Required action
Scan the entries below, and for each line that includes the word "Storage", make a copy.

Short text fragments from websites
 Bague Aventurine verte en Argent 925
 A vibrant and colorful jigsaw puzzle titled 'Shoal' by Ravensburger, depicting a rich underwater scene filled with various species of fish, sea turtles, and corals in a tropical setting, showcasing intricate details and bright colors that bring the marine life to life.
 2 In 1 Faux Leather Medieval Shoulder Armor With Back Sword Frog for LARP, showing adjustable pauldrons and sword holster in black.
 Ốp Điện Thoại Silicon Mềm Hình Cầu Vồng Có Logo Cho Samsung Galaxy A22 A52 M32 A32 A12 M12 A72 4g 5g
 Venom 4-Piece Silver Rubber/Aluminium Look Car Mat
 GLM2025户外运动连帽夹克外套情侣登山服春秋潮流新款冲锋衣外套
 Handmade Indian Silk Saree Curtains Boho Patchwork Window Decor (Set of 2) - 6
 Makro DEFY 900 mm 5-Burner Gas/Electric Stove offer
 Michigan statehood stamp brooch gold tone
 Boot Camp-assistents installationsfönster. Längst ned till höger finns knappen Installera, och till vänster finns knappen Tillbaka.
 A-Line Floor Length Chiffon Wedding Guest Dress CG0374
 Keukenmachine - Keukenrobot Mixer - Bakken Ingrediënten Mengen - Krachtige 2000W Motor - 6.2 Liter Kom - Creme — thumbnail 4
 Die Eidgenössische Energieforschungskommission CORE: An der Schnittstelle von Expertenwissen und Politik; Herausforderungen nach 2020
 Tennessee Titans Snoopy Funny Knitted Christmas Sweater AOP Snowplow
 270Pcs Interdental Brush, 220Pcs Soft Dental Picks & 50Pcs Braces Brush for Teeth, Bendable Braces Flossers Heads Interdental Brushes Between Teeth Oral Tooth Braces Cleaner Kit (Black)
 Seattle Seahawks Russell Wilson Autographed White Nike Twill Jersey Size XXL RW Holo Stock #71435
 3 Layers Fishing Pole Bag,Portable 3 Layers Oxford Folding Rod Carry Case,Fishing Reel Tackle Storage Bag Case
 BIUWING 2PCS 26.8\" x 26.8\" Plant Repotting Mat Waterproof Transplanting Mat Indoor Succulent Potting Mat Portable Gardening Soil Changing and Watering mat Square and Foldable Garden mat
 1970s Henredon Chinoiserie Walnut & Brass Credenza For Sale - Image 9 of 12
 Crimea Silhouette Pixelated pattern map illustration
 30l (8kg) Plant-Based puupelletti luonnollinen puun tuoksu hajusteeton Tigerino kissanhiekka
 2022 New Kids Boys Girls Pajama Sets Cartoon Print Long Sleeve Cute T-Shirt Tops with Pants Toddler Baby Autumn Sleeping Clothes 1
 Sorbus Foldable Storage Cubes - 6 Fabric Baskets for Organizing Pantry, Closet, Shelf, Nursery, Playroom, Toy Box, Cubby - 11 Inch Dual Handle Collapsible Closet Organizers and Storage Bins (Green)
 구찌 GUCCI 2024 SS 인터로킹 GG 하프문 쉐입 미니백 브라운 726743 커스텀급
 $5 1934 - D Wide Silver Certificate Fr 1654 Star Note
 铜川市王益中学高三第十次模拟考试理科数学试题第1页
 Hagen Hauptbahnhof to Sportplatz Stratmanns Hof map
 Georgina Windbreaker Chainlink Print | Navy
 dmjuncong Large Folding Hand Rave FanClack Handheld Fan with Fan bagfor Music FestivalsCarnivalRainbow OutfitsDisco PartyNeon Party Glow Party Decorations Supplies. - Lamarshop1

Your response
 3 Layers Fishing Pole Bag,Portable 3 Layers Oxford Folding Rod Carry Case,Fishing Reel Tackle Storage Bag Case
 Sorbus Foldable Storage Cubes - 6 Fabric Baskets for Organizing Pantry, Closet, Shelf, Nursery, Playroom, Toy Box, Cubby - 11 Inch Dual Handle Collapsible Closet Organizers and Storage Bins (Green)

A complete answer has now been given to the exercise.